Zahi Hawass, at a news conference at the meeting convened in Cairo on recovering looted antiquities, asserts, "Museums are the main source for buying stolen artifacts. If museums stopped not to buy artifacts, actually, the theft will be less, and we can control that." (See the BBC clip, starting around 0:55).
Um, not exactly. Where to begin? Museums are not the main source for buying stolen artifacts -- that "honor" goes to individual collectors (including, increasingly, collectors in the Gulf oil states with the wherewithal to compete against American, British, and Japanese super-rich). Museums make up only a small percentage of the buyers on the antiquities market worldwide. And most museums in the West have now already stopped buying illicit or even just dodgy antiquities. That is not going to put an end to collecting of illicit antiquities. Hawass is certainly correct to say that if museums stop buying illicit artifacts, the theft will be less, but by only a slight amount. No one believes that collectors will be much deterred by knowing they cannot donate or sell their antiquities to museums, when they can count on other collectors to buy their pieces should they need to part with them. And so long as a collector is willing to pop $57 million for a single "kosher" figurine, looters are going to try to find equivalent pieces and collectors will buy them even though they are not kosher.

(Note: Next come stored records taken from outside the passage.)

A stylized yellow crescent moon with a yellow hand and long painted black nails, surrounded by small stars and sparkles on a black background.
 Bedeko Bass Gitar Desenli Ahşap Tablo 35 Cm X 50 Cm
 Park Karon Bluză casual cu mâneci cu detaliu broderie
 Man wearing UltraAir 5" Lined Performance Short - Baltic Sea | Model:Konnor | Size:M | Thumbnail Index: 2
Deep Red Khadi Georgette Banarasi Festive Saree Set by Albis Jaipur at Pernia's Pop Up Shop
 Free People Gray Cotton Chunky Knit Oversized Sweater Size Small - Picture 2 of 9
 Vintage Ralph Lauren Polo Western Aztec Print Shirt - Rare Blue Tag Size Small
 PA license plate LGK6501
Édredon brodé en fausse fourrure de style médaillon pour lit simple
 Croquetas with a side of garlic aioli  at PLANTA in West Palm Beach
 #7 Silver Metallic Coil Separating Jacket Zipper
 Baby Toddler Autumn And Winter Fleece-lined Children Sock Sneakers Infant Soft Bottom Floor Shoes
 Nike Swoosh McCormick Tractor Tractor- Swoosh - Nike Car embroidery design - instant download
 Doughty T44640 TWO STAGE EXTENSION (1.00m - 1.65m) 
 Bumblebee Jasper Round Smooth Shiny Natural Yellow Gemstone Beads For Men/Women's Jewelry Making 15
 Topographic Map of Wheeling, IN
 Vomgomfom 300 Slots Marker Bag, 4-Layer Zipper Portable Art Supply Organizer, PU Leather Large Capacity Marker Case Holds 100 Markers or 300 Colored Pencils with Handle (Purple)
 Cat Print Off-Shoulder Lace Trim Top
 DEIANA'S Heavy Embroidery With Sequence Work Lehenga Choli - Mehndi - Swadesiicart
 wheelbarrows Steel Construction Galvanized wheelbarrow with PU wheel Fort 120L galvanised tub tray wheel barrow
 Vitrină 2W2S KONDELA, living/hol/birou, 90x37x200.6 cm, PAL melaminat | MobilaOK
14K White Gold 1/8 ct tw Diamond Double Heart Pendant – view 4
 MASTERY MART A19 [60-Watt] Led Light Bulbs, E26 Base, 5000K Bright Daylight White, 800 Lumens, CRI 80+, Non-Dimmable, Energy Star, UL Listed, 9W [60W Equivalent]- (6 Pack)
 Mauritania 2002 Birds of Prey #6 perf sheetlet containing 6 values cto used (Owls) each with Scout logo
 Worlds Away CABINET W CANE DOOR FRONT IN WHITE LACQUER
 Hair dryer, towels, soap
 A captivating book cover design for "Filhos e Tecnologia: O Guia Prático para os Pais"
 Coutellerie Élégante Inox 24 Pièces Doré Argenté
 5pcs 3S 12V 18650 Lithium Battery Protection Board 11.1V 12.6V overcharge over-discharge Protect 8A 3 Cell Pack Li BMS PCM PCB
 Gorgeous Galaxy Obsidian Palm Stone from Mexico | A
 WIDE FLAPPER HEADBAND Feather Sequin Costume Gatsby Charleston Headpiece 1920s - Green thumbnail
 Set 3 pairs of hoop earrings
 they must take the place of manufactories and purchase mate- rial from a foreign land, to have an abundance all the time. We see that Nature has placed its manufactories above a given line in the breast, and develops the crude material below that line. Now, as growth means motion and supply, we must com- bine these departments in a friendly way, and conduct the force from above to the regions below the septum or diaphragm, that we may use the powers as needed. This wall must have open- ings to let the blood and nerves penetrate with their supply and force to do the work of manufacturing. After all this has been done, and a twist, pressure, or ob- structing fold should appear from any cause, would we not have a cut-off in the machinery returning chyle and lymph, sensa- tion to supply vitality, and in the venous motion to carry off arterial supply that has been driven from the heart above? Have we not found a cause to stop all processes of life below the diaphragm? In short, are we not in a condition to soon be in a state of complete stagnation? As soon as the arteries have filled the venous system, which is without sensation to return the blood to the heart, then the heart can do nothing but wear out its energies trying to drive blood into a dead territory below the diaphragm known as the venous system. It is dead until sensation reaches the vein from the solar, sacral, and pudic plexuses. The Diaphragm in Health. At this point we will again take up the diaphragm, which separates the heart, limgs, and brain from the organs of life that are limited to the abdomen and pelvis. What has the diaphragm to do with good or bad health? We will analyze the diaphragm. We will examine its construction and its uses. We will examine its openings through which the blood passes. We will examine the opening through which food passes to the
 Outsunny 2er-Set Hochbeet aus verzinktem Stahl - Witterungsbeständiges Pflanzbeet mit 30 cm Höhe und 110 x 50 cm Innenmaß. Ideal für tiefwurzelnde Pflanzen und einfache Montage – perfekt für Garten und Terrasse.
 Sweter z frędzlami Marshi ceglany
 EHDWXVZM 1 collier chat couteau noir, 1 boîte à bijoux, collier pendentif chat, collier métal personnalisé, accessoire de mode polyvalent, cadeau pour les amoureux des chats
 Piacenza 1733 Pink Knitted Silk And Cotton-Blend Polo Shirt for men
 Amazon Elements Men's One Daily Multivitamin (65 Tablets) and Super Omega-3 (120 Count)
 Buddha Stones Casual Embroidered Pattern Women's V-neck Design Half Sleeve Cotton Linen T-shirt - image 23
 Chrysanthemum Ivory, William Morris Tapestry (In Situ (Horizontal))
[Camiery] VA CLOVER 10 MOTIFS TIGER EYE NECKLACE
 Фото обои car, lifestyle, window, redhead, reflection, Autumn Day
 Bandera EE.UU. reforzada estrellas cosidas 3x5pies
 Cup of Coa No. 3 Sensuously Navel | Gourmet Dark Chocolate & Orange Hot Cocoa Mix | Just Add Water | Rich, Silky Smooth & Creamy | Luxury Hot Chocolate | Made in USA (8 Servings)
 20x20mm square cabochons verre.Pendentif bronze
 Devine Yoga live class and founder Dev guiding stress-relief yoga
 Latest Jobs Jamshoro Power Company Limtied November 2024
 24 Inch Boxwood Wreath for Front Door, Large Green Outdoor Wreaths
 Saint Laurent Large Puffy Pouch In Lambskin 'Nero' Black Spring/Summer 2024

So if Hawass really thinks that looting will be reduced to manageable levels by getting museums out of the market, he is badly mistaken. They have already gotten out of the market, and countries being looted continue to be unable to handle the problem with the resources they've got at their disposal. Countries suffering from antiquities looting are going to need more than just clean hands from the museum world: they are going to need money to pay for site guards, satellite monitoring, helicopters, etc. That money should come from the collectors and the dealers, and from the boards of museums as well.